Trammell explained that besides the desire to establish a career preventing women from getting married at the traditional age, the fear of losing part of their identity is another factor that is holding them back.
For example, women changing their last name after getting married may cause them to feel that a piece of their identity has been taken away from them.
An article from Scientific Research Publishing says younger generations are choosing to marry later in order to focus on personal growth and the overall development of their personality. The article says a woman getting pregnant at a young age can delay the development of her career; but a man getting married at a younger age is more likely to set back his life plans altogether.
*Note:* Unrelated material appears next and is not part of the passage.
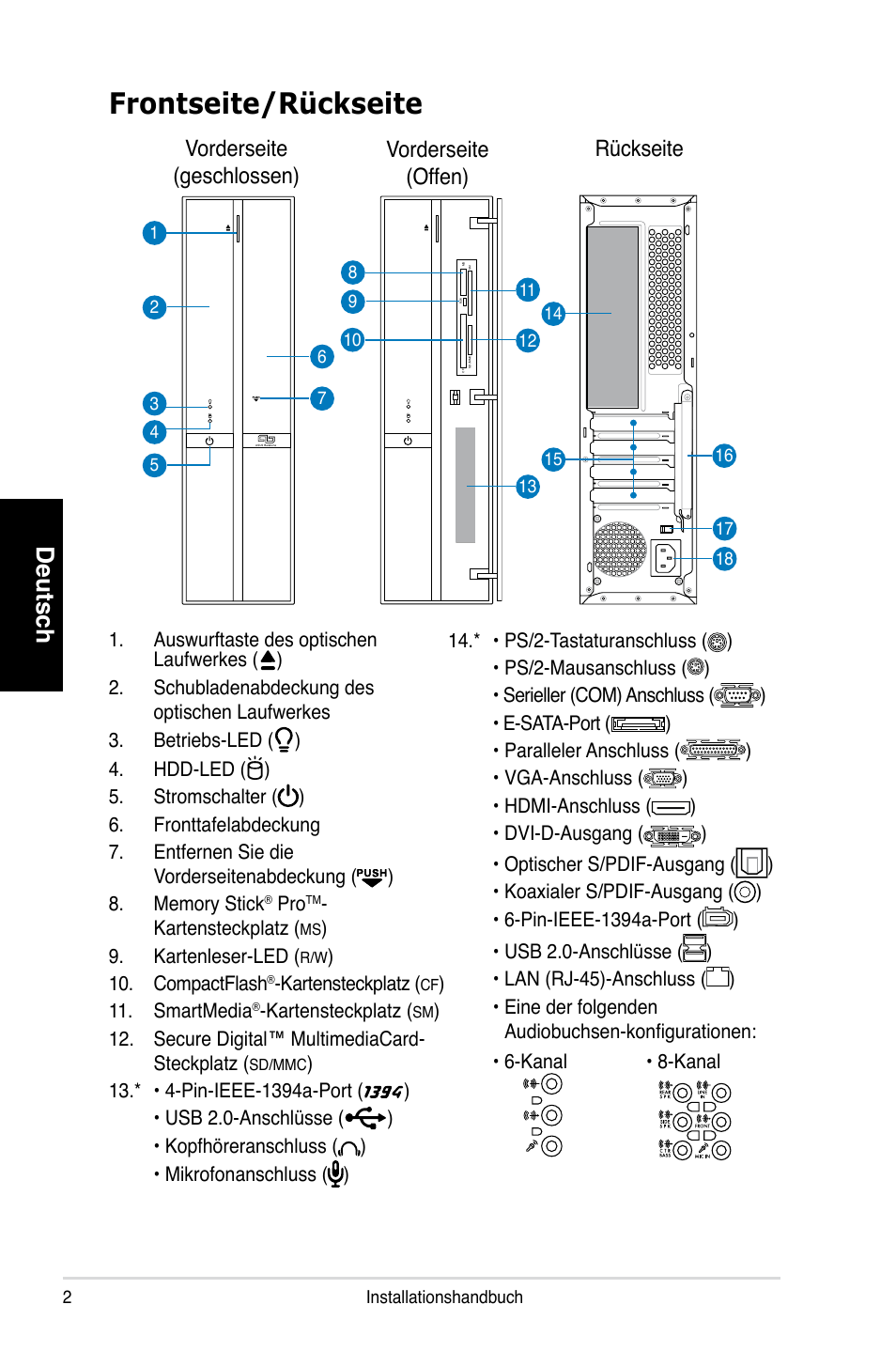 Frontseite/rückseite, Deutsch | Asus P3-PH4 User Manual | Page 18 / 80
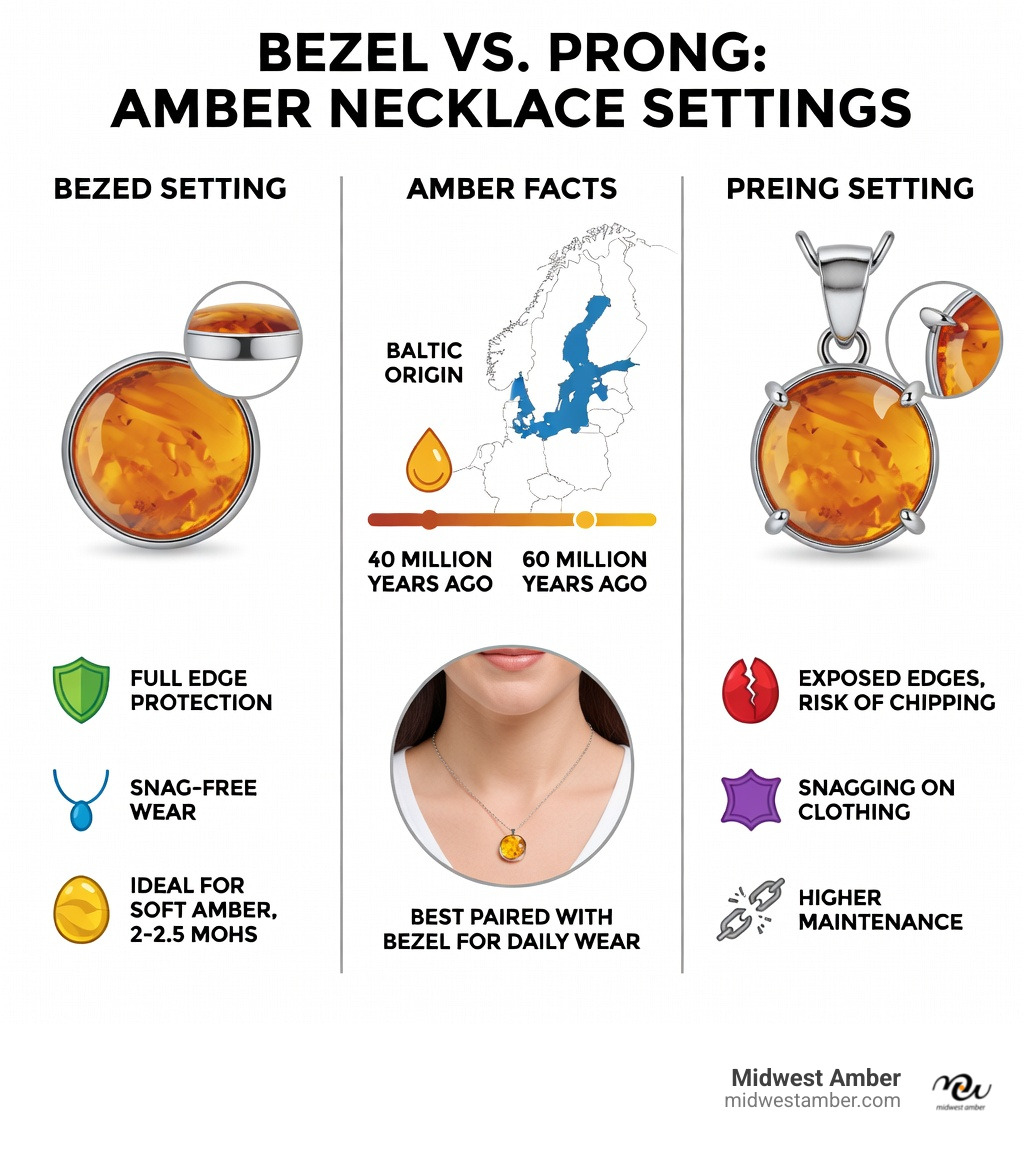 Infographic comparing bezel setting vs prong setting for amber necklaces: left panel shows bezel setting with a continuous metal rim surrounding the amber stone, labeled with benefits including full edge protection, snag-free wear, ideal for soft stones like amber rated 2-2.5 Mohs; right panel shows prong setting with four metal claws holding the stone, labeled with drawbacks including exposed stone edges, higher risk of chipping, snagging on fabric; center column highlights key amber facts: fossilized resin, 40-60 million years old, Baltic Sea origin, best paired with bezel setting for daily wear - bezel set amber necklace infographic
The same article also said if people wait longer for marriage, they give themselves time to figure out what they want in a partner, and time to find the partner who is best suited for them.
Trammel said she believes another factor that causes people to marry later is geography. She said people who reside in the West Coast often marry later than people who reside in Midwestern states. Trammell said the reason for this difference is that Midwestern states are more rural, and people follow and copy other couples who choose to get married at a younger age in their area.
Another factor Trammell brought up is the fear of divorce.
“Between my four parents, there have been 12 divorces,” Trammell said. “People don’t want to repeat that cycle.”
Trammell also discovered the concept of polyamory, which is the practice of having more than one romantic partner at a time. She said polyamory has become more normalized in recent years, which has decreased the practice of monogamy, the concept of having only one romantic relationship at a time.
Trammell explained that once the honeymoon phase is over in a developing relationship, people avoid taking their relationship to the next level, whether that be marriage or starting a family, and often give up on the relationship altogether. She said younger generations don’t want to work hard to maintain a successful marriage, unlike older generations do, because of factors such as more advanced technology and social media.
Trammell said she believes that as a society, people no longer know how to communicate with each other because of the access of cell phones. She said that phones also normalize the concept of instant gratification, which can cause relationships to fail because of people stepping outside the bounds of the relationship.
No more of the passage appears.